Acteur réalisateur, Lyes Salem a fait des apparitions discrètes dans Rock the casbah et Poupoupidou. Mais c’est son premier film Mascarades en 2007 qui l’a fait découvrir au monde. Cette farce burlesque mérite d’être redécouverte tant les rires francs emplissaient la salle. Cette histoire de frère qui veut marier sa soeur narcoleptique rappelle les grandes heures de Louis de Funès, rien que ça. Dans L’ORANAIS, Lyes Salem s’essaye à un autre genre, plus adulte, plus sérieux avec l’évocation des déceptions de l’âge mûr. Ses penchants comiques réapparaissent à l’occasion, aidés par son visage élastique et ses dents proéminentes. Mais le ton du film privilégie le drame, les remords et la gravité.

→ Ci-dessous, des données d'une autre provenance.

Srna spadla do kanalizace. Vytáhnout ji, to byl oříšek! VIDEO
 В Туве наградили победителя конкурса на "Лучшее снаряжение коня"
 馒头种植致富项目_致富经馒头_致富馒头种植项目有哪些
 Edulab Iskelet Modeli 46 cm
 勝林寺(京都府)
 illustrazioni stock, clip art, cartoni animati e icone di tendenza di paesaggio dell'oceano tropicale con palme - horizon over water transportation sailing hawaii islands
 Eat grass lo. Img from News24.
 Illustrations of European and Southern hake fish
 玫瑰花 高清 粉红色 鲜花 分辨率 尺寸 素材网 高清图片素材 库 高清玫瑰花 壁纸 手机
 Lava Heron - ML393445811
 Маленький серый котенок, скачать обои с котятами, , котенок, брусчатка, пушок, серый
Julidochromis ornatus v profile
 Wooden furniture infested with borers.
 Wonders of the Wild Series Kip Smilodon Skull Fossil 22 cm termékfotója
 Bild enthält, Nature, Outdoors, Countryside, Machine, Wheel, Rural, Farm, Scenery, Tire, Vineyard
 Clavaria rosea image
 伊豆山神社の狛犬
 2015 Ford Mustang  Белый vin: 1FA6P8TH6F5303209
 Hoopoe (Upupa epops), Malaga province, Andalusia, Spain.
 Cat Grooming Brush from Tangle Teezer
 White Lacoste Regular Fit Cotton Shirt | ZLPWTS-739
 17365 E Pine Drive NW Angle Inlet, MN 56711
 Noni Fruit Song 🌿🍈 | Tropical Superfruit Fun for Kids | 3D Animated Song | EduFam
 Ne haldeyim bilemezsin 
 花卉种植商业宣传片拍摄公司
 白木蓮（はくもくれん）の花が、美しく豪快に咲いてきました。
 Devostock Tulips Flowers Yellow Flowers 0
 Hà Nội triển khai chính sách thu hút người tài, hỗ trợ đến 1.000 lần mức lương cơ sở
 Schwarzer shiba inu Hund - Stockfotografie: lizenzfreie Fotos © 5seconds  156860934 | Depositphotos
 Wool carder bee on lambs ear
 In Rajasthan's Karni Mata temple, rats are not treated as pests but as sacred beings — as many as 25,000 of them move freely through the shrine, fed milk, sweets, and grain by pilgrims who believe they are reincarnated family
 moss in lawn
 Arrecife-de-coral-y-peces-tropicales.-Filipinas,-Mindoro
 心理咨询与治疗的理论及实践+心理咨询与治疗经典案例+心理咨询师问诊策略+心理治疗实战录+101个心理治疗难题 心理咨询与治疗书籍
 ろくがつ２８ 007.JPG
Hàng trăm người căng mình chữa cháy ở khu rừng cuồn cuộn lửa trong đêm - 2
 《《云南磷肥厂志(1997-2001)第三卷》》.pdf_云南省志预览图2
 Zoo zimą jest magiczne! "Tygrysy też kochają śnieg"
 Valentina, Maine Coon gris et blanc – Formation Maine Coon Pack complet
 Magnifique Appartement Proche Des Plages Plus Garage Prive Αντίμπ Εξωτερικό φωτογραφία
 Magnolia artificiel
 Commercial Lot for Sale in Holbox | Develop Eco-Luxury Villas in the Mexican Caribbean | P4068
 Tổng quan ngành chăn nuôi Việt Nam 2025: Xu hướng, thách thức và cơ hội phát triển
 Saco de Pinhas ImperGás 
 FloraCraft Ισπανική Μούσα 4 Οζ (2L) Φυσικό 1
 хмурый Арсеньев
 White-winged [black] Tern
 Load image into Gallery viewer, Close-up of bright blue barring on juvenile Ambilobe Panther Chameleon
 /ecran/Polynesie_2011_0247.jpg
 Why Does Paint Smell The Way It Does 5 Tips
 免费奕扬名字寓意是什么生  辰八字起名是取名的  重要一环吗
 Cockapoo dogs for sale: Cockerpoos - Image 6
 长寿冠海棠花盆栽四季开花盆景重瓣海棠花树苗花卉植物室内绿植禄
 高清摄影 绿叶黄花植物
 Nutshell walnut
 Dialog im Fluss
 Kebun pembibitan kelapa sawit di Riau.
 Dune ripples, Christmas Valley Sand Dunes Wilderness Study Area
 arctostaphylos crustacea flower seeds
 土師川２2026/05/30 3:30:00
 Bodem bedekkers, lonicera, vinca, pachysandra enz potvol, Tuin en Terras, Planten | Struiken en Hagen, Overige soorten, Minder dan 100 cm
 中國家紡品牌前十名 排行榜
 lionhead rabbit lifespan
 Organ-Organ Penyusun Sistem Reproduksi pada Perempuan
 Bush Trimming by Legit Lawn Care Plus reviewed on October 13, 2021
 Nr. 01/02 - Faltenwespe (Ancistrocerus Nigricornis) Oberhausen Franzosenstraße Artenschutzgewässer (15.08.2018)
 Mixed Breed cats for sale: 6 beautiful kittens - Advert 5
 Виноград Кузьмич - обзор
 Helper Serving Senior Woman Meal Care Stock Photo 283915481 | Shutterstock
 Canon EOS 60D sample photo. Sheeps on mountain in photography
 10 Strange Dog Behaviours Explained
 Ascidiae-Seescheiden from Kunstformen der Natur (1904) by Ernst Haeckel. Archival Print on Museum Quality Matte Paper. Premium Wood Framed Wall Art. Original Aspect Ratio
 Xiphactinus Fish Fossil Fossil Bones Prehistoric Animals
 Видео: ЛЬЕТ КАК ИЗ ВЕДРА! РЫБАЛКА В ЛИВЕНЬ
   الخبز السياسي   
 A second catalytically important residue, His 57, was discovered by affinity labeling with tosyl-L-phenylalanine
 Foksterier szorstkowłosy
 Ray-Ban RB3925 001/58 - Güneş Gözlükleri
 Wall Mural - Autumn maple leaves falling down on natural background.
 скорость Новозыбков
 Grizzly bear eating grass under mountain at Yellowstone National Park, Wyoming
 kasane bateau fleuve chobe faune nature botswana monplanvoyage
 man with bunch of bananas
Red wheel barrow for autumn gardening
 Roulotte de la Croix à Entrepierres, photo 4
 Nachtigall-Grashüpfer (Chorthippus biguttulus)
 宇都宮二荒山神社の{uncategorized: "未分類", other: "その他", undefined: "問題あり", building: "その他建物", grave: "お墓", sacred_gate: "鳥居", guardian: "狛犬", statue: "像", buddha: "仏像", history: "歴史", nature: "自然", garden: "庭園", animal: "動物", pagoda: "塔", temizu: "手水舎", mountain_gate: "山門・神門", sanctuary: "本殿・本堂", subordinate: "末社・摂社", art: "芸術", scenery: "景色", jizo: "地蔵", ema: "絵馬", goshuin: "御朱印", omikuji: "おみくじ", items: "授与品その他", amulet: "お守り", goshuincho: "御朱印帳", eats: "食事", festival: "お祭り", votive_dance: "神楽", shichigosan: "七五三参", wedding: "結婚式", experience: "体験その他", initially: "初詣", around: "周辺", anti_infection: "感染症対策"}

Les non-dits abondent dans un récit pesant. Les secrets vont encombrer les protagonistes tout au long de leurs vies et les empêcher de déployer leurs ailes. Djaffar va profiter de la position centrale d’Hamid dans l’organigramme du pays. Héros de la révolution, Djaffar ne pourra profiter de la fin du conflit et trainera des boulets toute sa vie. Hamid se la jouera filou, multipliant les contacts louches et les réseaux transversaux. L’accablement persistant de l’un face à la facilité consternante de l’autre, le fossé se creusera irrémédiablement.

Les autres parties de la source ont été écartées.